Reorganize sections

Hopefully nothing broke much, but I think so, also removes a bit of duplication which I had missed before :/
numpy · mattip · Mar 18, 2020 · Feb 4, 2020 · Feb 13, 2020 · Feb 13, 2020
commit ea7e4655287d8ec4bff32afbdf6c0e003e37da5b
diff --git a/doc/neps/nep-0040-legacy-datatype-impl.rst b/doc/neps/nep-0040-legacy-datatype-impl.rst
@@ -22,6 +22,11 @@ motivate the following proposals.
 Detailed Description
 --------------------
 
+This section describes some central concepts and provides a brief overview
+of the current implementation as well as a discussion.

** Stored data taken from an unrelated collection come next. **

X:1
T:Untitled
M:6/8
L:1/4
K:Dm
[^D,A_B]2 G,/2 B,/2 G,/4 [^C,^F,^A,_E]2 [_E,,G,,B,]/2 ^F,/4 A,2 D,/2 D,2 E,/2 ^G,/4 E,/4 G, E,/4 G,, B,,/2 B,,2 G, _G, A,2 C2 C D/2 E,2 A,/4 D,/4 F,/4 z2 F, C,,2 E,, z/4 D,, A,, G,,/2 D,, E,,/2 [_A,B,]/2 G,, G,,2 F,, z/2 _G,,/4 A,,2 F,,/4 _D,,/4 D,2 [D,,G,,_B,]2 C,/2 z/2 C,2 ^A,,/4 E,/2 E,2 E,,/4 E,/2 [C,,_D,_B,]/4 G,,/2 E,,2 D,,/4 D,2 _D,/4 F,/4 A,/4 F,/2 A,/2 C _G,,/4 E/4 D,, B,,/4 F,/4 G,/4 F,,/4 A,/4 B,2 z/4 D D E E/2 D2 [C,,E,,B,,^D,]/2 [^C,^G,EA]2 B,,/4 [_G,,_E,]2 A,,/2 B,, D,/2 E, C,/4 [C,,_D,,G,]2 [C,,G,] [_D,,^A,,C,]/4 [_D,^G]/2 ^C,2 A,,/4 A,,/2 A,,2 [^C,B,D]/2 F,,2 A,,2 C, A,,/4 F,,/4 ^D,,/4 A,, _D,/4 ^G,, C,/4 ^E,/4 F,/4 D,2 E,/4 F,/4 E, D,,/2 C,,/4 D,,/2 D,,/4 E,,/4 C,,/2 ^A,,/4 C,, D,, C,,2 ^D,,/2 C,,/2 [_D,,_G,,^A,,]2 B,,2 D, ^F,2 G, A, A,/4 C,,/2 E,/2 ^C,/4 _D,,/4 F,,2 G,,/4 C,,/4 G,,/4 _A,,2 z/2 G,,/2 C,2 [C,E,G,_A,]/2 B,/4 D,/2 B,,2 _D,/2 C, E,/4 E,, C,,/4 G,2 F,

+In many cases subsections will be split roughly to first describe the
+current implementation and then follow with an "Issues and Discussion" section.
+
 Parametric Datatypes
 ^^^^^^^^^^^^^^^^^^^^
 
@@ -62,103 +67,6 @@ numerical ones, which currently creates issues mainly in the implementation
 of universal functions.
 
 
-Dispatching of Universal Functions
-^^^^^^^^^^^^^^^^^^^^^^^^^^^^^^^^^^
-
-Currently the dispatching of universal function (ufuncs) is limited for
-user defined dtypes.
-Typically, dispatching is done by finding the first loop for which all inputs can
-be cast to safely (see also the current implementation section).
-
-However, in some cases this is problematic and thus explicitly not allowed.

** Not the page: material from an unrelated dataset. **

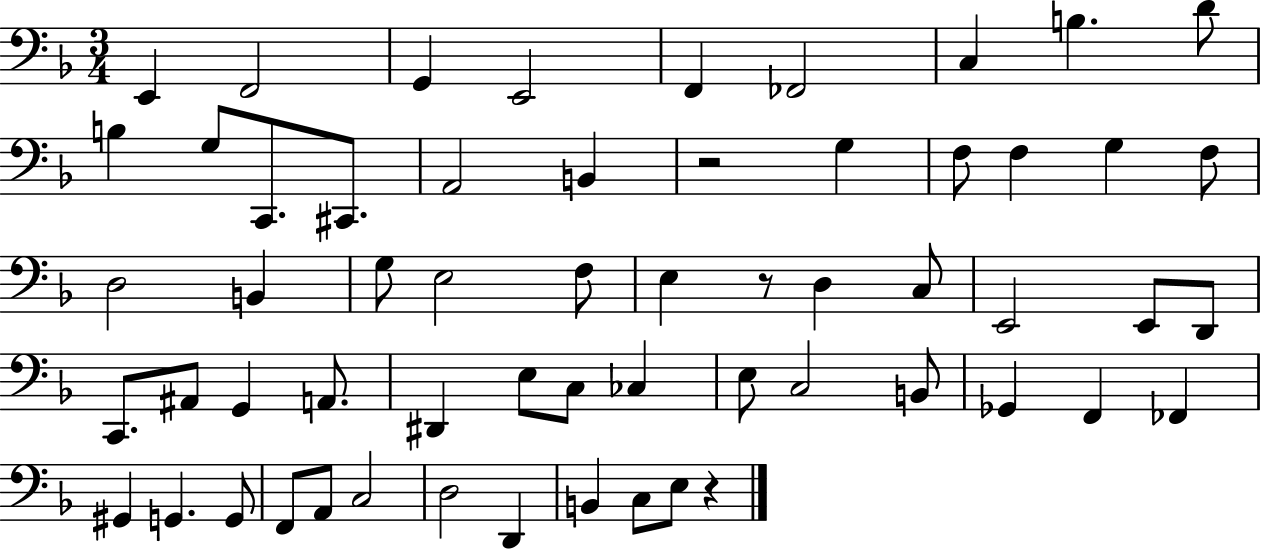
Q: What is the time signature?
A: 3/4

-For example the ``np.isnat`` function is currently only defined for
-datetime and timedelta.
-Even though integers are defined to be safely castable to timedelta.
-If this was not the case, calling
-``np.isnat(np.array("NaT", "timedelta64").astype("int64"))`` would currently
-return true, although the integer input array has no notion of "not a time".
-If a universal function, such as most function in ``scipy.special``, is only
-defined for ``float32`` and ``float64`` it will currently automatically
-cast a ``float16`` silently to ``float32`` (similarly for any integer input).
-This ensures successful execution, but allows a change in the output dtype
-when support for new data types is added to a ufunc.
-
-With respect to to user defined dtypes, dispatching works largely similar,
-however, it enforces an exact match of the datatypes (type numbers).
-Because the current method is separate and fairly slow, it will only match
-loops defined for datatypes already existing in the inputs.
-This can be a limitation: a function such as
-``rational_divide(int, int) -> rational`` can only work easily if the user
-calls it using ``rational_divide(int, int, dtype=rational)``.
-
-For NumPy datatypes the order in which loops are registered is currently important.
-However, this is only reliable if all loops are added when the ufunc is first defined.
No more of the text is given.